──────── Extracted data
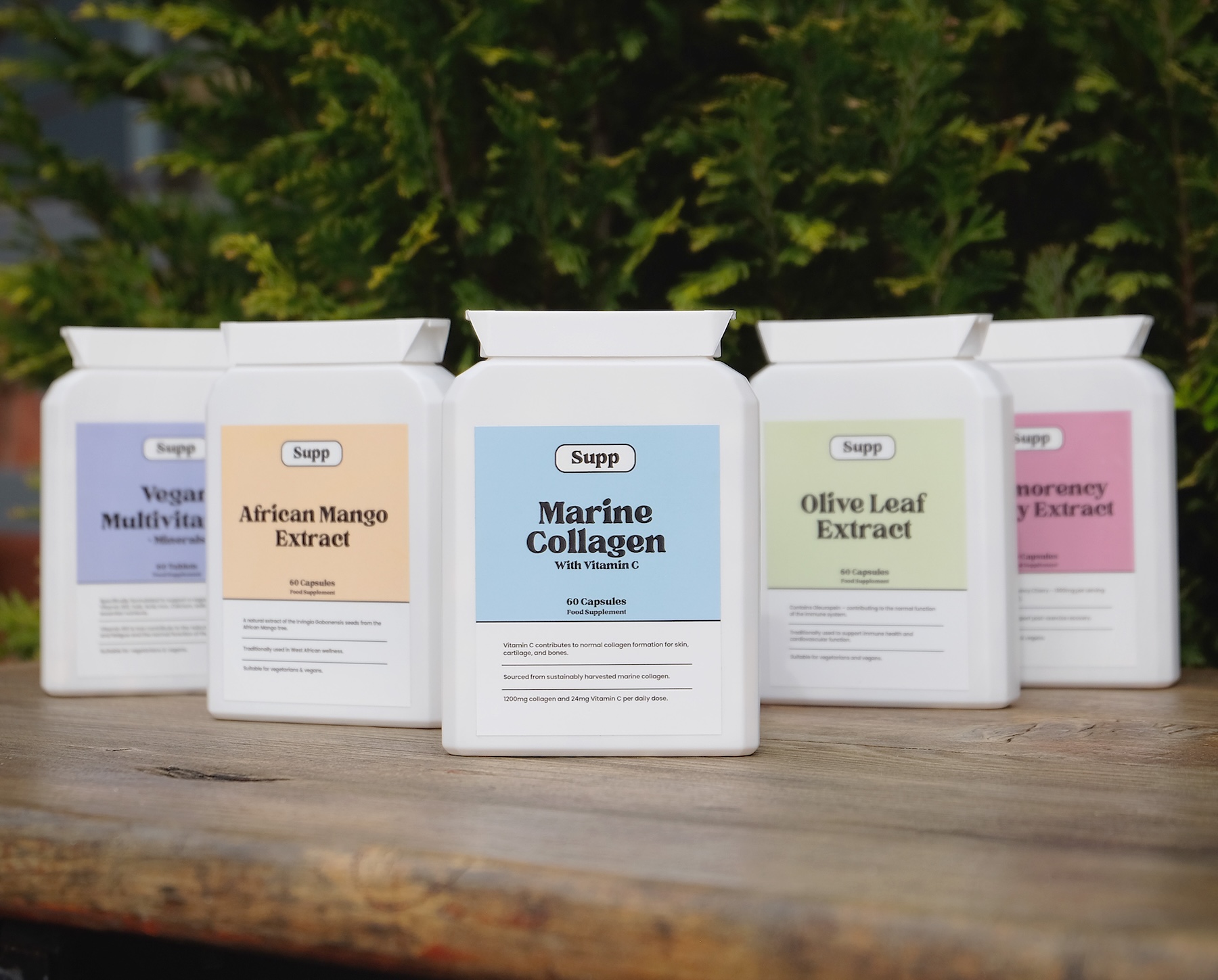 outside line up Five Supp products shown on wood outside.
────────────────
──────── Extracted data
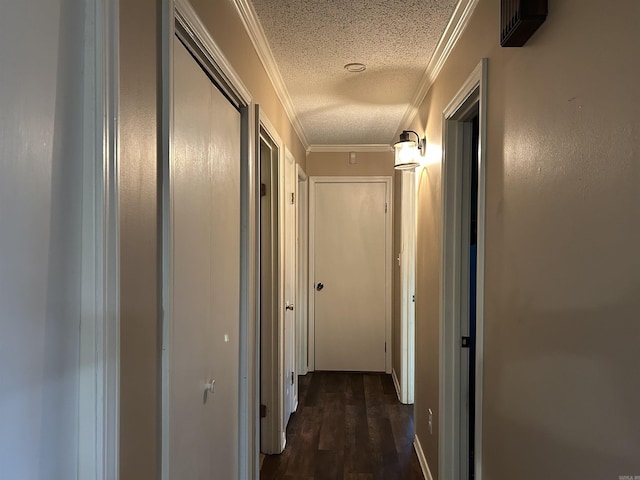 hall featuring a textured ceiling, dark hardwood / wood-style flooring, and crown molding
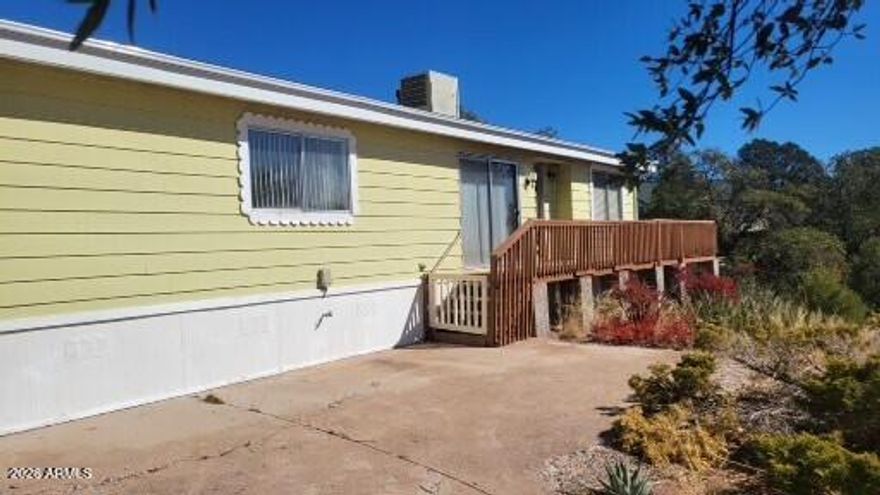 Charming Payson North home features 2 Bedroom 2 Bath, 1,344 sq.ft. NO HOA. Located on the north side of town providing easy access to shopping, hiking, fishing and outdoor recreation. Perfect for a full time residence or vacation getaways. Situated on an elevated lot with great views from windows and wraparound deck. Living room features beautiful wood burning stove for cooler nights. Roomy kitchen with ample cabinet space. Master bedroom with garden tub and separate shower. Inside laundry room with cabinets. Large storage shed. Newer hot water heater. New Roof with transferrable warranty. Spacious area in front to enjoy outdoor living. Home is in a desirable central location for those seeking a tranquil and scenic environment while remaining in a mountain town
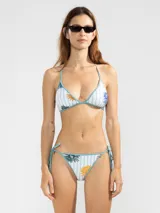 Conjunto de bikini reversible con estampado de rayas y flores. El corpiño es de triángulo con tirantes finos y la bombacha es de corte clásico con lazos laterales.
────────────────
→ Task goal
Reproduce the listing above exactly from the line containing "hall featuring a" up to and including the line containing "Conjunto de bikini", omitting any images and everything outside those lines.

→ Reply
 hall featuring a textured ceiling, dark hardwood / wood-style flooring, and crown molding
 Charming Payson North home features 2 Bedroom 2 Bath, 1,344 sq.ft. NO HOA. Located on the north side of town providing easy access to shopping, hiking, fishing and outdoor recreation. Perfect for a full time residence or vacation getaways. Situated on an elevated lot with great views from windows and wraparound deck. Living room features beautiful wood burning stove for cooler nights. Roomy kitchen with ample cabinet space. Master bedroom with garden tub and separate shower. Inside laundry room with cabinets. Large storage shed. Newer hot water heater. New Roof with transferrable warranty. Spacious area in front to enjoy outdoor living. Home is in a desirable central location for those seeking a tranquil and scenic environment while remaining in a mountain town
 Conjunto de bikini reversible con estampado de rayas y flores. El corpiño es de triángulo con tirantes finos y la bombacha es de corte clásico con lazos laterales.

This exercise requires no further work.